Начнем с краткого сопоставления героев трех пьес, которое позволит выявить все качества, отсутствующие у пушкинских героев в сравнении с героями Шекспира, а также обнаружить всевозможные точки сходства. Концепция Пушкина оригинальна и представляет собой, в характерной для него манере, максимально сжатую версию его литературных (т. е. шекспировских) источников; хаотичный период Смутного времени в России вдвойне усложняется тем, что Россией тогда правил не один узурпатор, а два, и оба какое-то время боролись друг против друга. Пушкин, так, выбирает образцами для своих героев двух главных шекспировских узурпаторов – Ричарда III и Макбета, как бы спрессовывая две великие пьесы Шекспира в одну и изучая последствия их взаимодействия. Именно эти две пьесы больше всего соответствуют пушкинскому замыслу – в обеих, как и в его драме, упор делается на проблематике объединяющего действия преемственности власти, отягощенной убийством. Макбет, безусловно, не идентичен Борису; точно так же очевидно, что Самозванец и Ричард в значительной степени отличаются друг от друга. Общие параллели тем не менее налицо: и Макбета, и Бориса мучает вина за убийство невинного человека, незаконно приведшее их на трон в нарушение прямой линии наследования власти; и Ричард, и Самозванец – создатели, коварные планировщики, художники-творцы собственных и чужих жизней; не испытывая никаких угрызений совести, они медленно, но верно продираются к власти с помощью хитрости и коварства.

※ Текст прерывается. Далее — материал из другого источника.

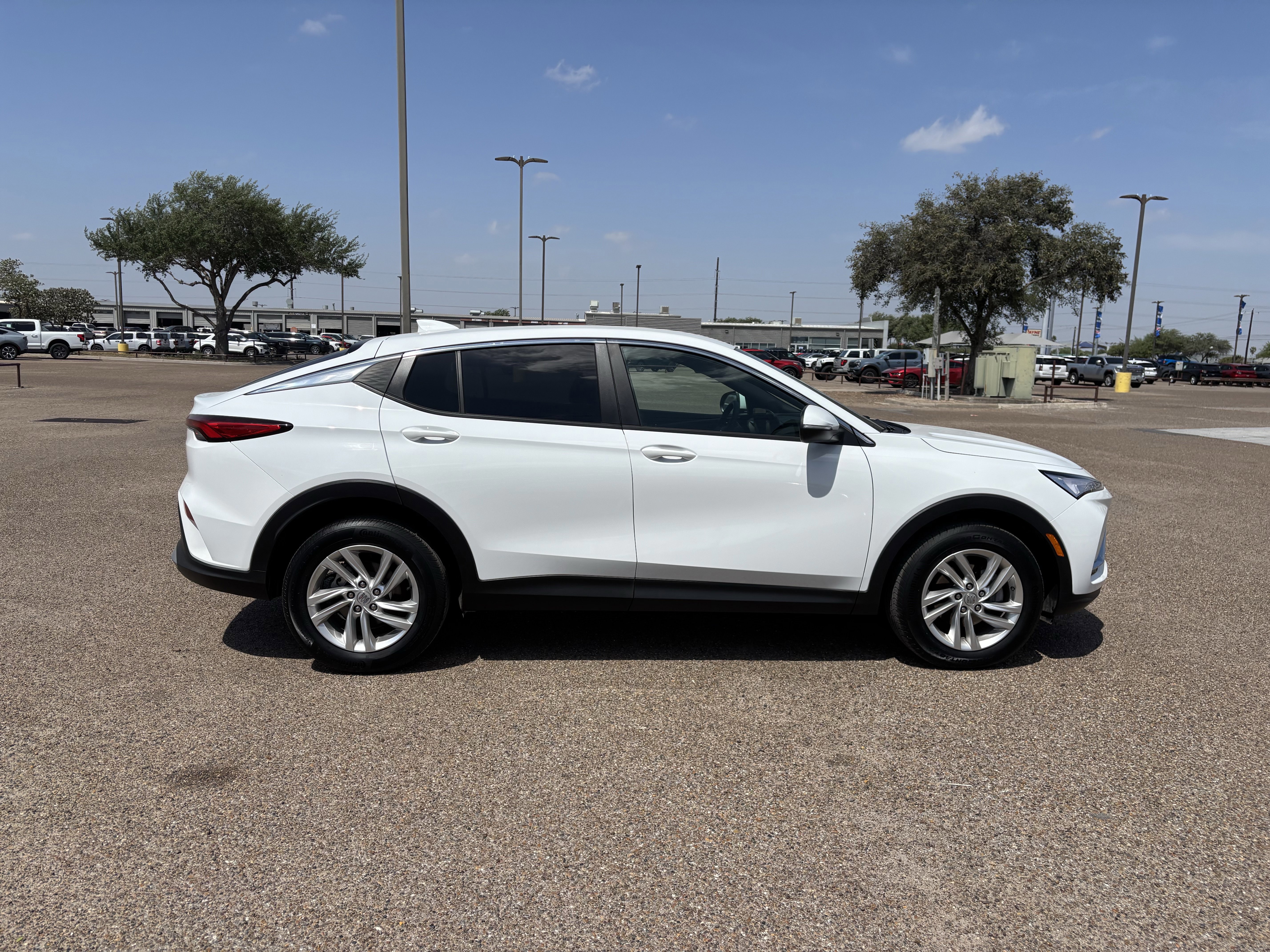 Used 2025 Buick Envista Preferred image 5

С другой стороны, отличие Макбета от Бориса состоит в том, что загадочный Борис так до конца и не снимает маску, даже в своем первом монологе, который произносит без слушателей; притом что его явно тяготит смерть или убийство Димитрия, истинная природа его переживаний и даже степень его причастности к смерти царевича так и не проясняются и его чувства так и остаются полностью не раскрытыми. Макбет, напротив, в ходе действия пьесы убивает спящего короля собственными руками, а затем его пожирают и медленно разрушают изнутри чувство вины и паранойя, свидетелями которых в полной мере становятся зрители[13]. Различия между Ричардом и Самозванцем не менее очевидны. Если Ричард открыто жесток, хитер, склонен к садизму и является самим воплощением зла, Самозванец, как и Борис, остается неоднозначной фигурой, он умелый актер, который случайно оказывается ответственным за множество смертей и трагедий, но сам он не так виноват, как окружающие его заговорщики-бояре. Самозванец – наглый молодой авантюрист, он плетет интриги исключительно от скуки и в силу собственного безрассудства, но сам при этом до странности пуст – в нем нет ни совести, ни злобности, ни даже, возможно, честолюбия.
На самом деле при таком соединении двух шекспировских трагедий и двух узурпаторов в одной пьесе границы размываются и образующие оппозиции «пары» персонажей могут быть скомпонованы и по-другому. Так, Борис похож и на Ричарда: особенно это заметно в начальной сцене, когда он, двусмысленным образом демонстрируя свою религиозность, несколько раз отказывается от венца; точно так же поступает и Ричард, хитростью достигший коронации. Самозванец, с другой стороны, напоминает Макбета, особенно в момент временной утраты воли в сцене у фонтана и благодаря восприимчивости к расчетливым уговорам честолюбивой и целеустремленной Марины Мнишек, которая, в свою очередь, сопоставима с леди Макбет.